Print exactly what appears from the line containing "Midnight Gold Butterfly Wall Art" through the final line of the data below, pictures excluded.

##### DATASET CONTENT #####

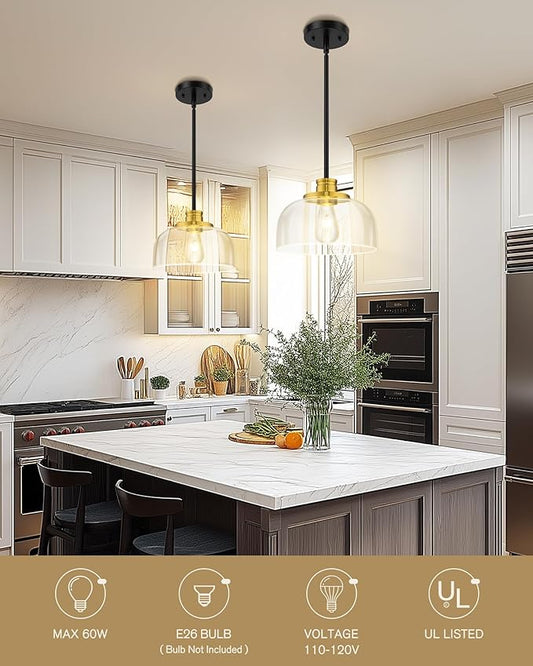 Emak Black and Gold Pendant Lights, 10 Inch Large Pendant Light Fixtures with Clear Glass Shade, Modern Farmhouse Island Lights for Kitchen, Dining Room, Bathroom, Bar, PL131-BKBGD-CG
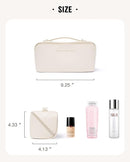 PU Leather Makeup Bag Travel Bag Portable Leather Cosmetics Bag, Makeup Storage Bags with Handle and Divider, Wide Opening Cosmetic/Makeup Organizer-3
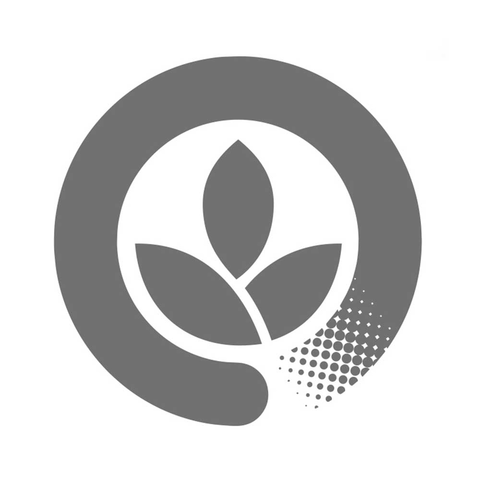 Gray circular logo with three stylized leaves in the center, reminiscent of bamboo chopsticks, and a dotted pattern fading at the bottom right edge of the circle, on a white background.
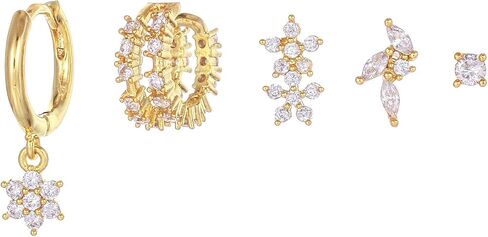 18K Real Gold Plated 925 Sterling Silver Huggie Hoop Dangle Chain Link Stud Ear Cuff Earrings Set for Women, Fashion Hypoallergenic Gold Earrings with Cubic Zirconia, Timeless Gift for Women in Saudi Arabia
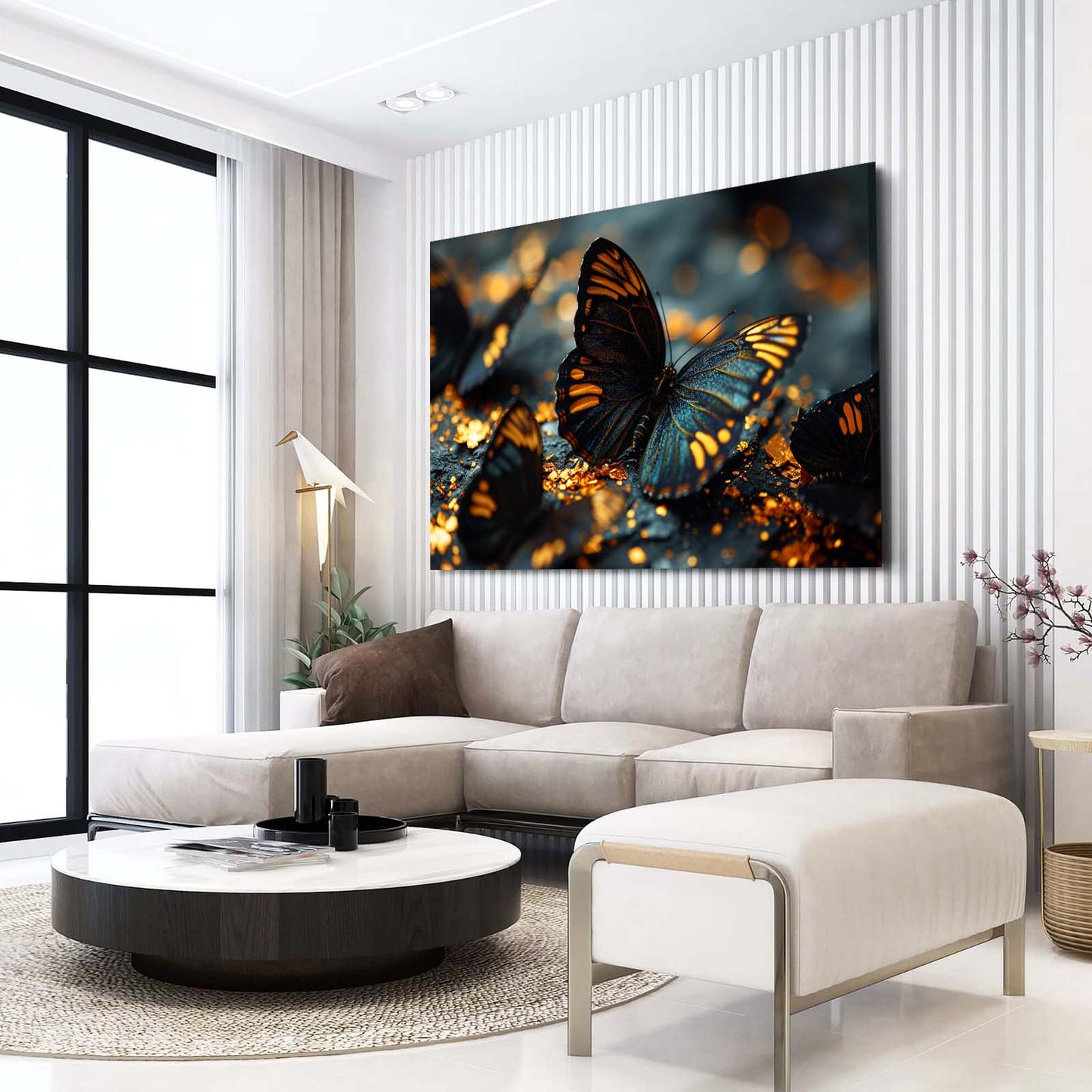 Midnight Gold Butterfly Wall Art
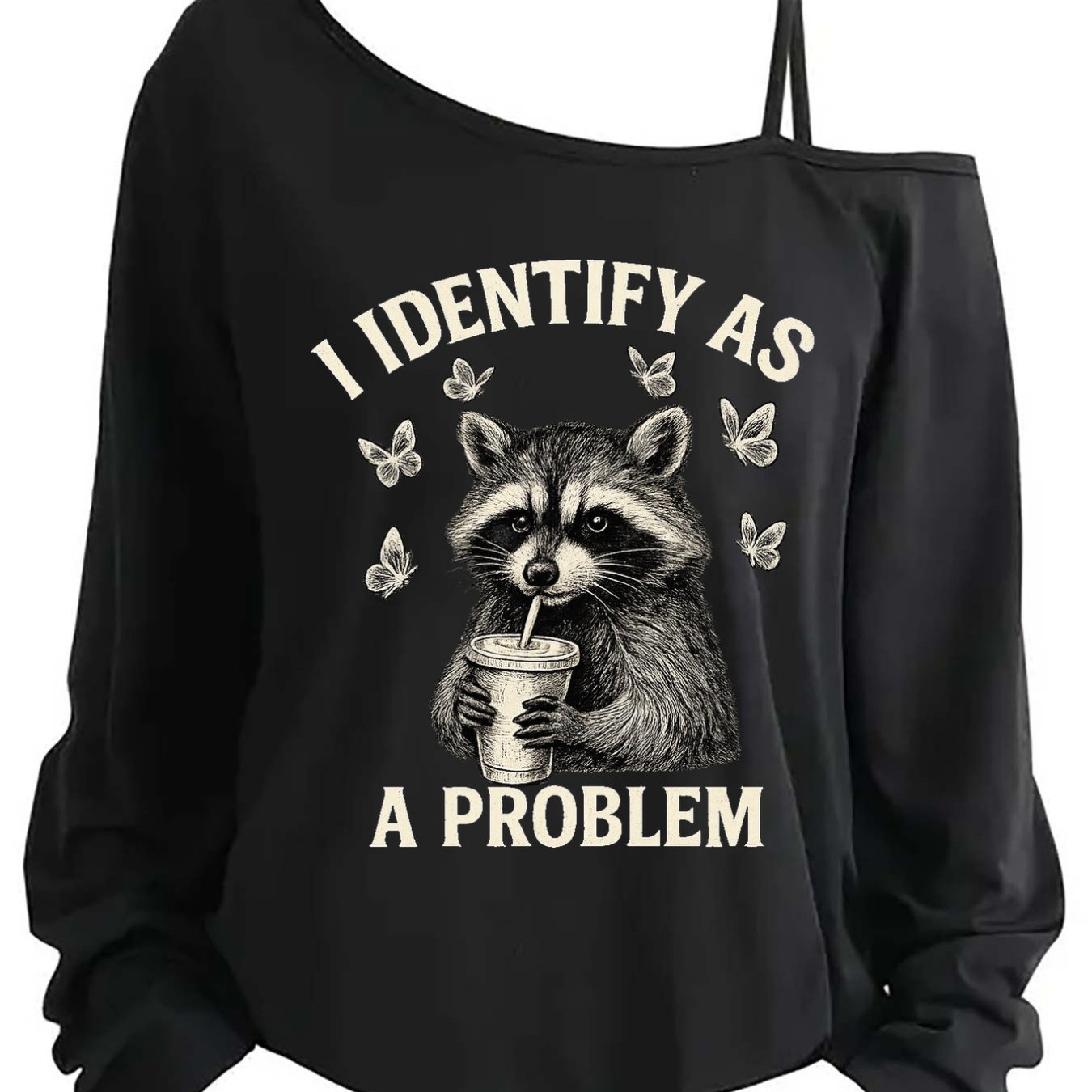 TEMU Plus Size - Plus Size - I To Trouble, Raccoon Ms. Plus Size, Asymmetrical Strappy One-shoulder Long Sleeve, Daily Casual Print T-shirt, Party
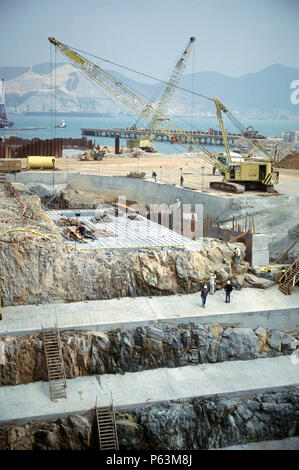 Giant foundations pit for the cable anchorages of the Tsing Ma suspension bridge in Hong Kong Stock Photo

#####

**WRITTEN ANSWER**
 Midnight Gold Butterfly Wall Art
 TEMU Plus Size - Plus Size - I To Trouble, Raccoon Ms. Plus Size, Asymmetrical Strappy One-shoulder Long Sleeve, Daily Casual Print T-shirt, Party
 Giant foundations pit for the cable anchorages of the Tsing Ma suspension bridge in Hong Kong Stock Photo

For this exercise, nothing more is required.